On Fri, Sep 1, 2017 at 6:09 AM, Mike Galbraith <efault@gmx.de> wrote:
> On Fri, 2017-09-01 at 08:57 +0200, Mike Galbraith wrote:
>> On Thu, 2017-08-31 at 11:45 -0700, Kees Cook wrote:
>> > On Thu, Aug 31, 2017 at 10:19 AM, Mike Galbraith <efault@gmx.de> wrote:
>> > > On Thu, 2017-08-31 at 10:00 -0700, Kees Cook wrote:
>> > >>
>> > >> Oh! So it's gcc-version sensitive? That's alarming. Is this mapping correct:
>> > >>
>> > >> 4.8.5: WARN, eventual kernel hang
>> > >> 6.3.1, 7.0.1: WARN, but continues working
>> > >
>> > > Yeah, that's correct.  I find that troubling, simply because this gcc
>> > > version has been through one hell of a lot of kernels with me.  Yeah, I
>> > > know, that doesn't exempt it from having bugs, but color me suspicious.
>> >
>> > I still can't hit this with a 4.8.5 build. :(
>> >
>> > With _RATELIMIT removed, this should, in theory, report whatever goes
>> > negative first...
>>
>> I applied the other patch you posted, and built with gcc-6.3.1 to
>> remove the gcc-4.8.5 aspect.  Look below the resulting splat.
>
> Grr, that one has a in6_dev_getx() line missing for the first
> increment, where things go pear shaped.
>
> With that added, looking at counter both before, and after incl, with a
> trace_printk() in the exception handler showing it doing its saturate
> thing, irqs disabled across the whole damn refcount_inc(), and even
> booting box nr_cpus=1 for extra credit...
>
> HTH can that first refcount_inc() get there?
>
> # tracer: nop
> #
> #                              _-----=> irqs-off
> #                             / _----=> need-resched
> #                            | / _---=> hardirq/softirq
> #                            || / _--=> preempt-depth
> #                            ||| /     delay
> #           TASK-PID   CPU#  ||||    TIMESTAMP  FUNCTION
> #              | |       |   ||||       |         |
>          systemd-1     [000] d..1     1.937284: in6_dev_getx: PRE refs.counter:3
>          systemd-1     [000] d..1     1.937295: ex_handler_refcount: *(int *)regs->cx = -1073741824
>          systemd-1     [000] d..1     1.937296: in6_dev_getx: POST refs.counter:-1073741824

O_o

Can you paste the disassembly of in6_dev_getx?
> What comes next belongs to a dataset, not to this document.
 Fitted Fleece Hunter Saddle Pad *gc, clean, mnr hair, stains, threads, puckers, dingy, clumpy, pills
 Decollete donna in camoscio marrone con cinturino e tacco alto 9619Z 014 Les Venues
I can't understand how
we're landing in the exception handler.

>          systemd-1     [000] d..1     1.937296: in6_dev_getx: PRE refs.counter:-1073741824
>          systemd-1     [000] d..1     1.937297: ex_handler_refcount: *(int *)regs->cx = -1073741824
>          systemd-1     [000] d..1     1.937297: in6_dev_getx: POST refs.counter:-1073741824
>          systemd-1     [000] d..1     1.937297: in6_dev_getx: PRE refs.counter:-1073741824
>          systemd-1     [000] d..1     1.937298: ex_handler_refcount: *(int *)regs->cx = -1073741824
>          systemd-1     [000] d..1     1.937299: in6_dev_getx: POST refs.counter:-1073741824
>
> ---
>  arch/x86/include/asm/refcount.h |   14 ++++++++++++++
>  arch/x86/mm/extable.c           |    1 +
>  include/net/addrconf.h          |   12 ++++++++++++
>  net/ipv6/route.c                |    6 +++---
>  4 files changed, 30 insertions(+), 3 deletions(-)
>
> --- a/arch/x86/include/asm/refcount.h
> +++ b/arch/x86/include/asm/refcount.h
> @@ -55,6 +55,20 @@ static __always_inline void refcount_inc
>                 : : "cc", "cx");
>  }
>
> +static __always_inline void refcount_inc_x(refcount_t *r)
> +{
> +       unsigned long flags;
> +
> +       local_irq_save(flags);
> +       trace_printk("PRE refs.counter:%d\n", r->refs.counter);
> +       asm volatile(LOCK_PREFIX "incl %0\n\t"
> +               REFCOUNT_CHECK_LT_ZERO
> +               : [counter] "+m" (r->refs.counter)
> +               : : "cc", "cx");

Does this need an explicit "memory" added to the clobbers line here?
This isn't present in the atomic_inc() implementation, but maybe
something confuses gcc in this case into ignoring the "+m" marking?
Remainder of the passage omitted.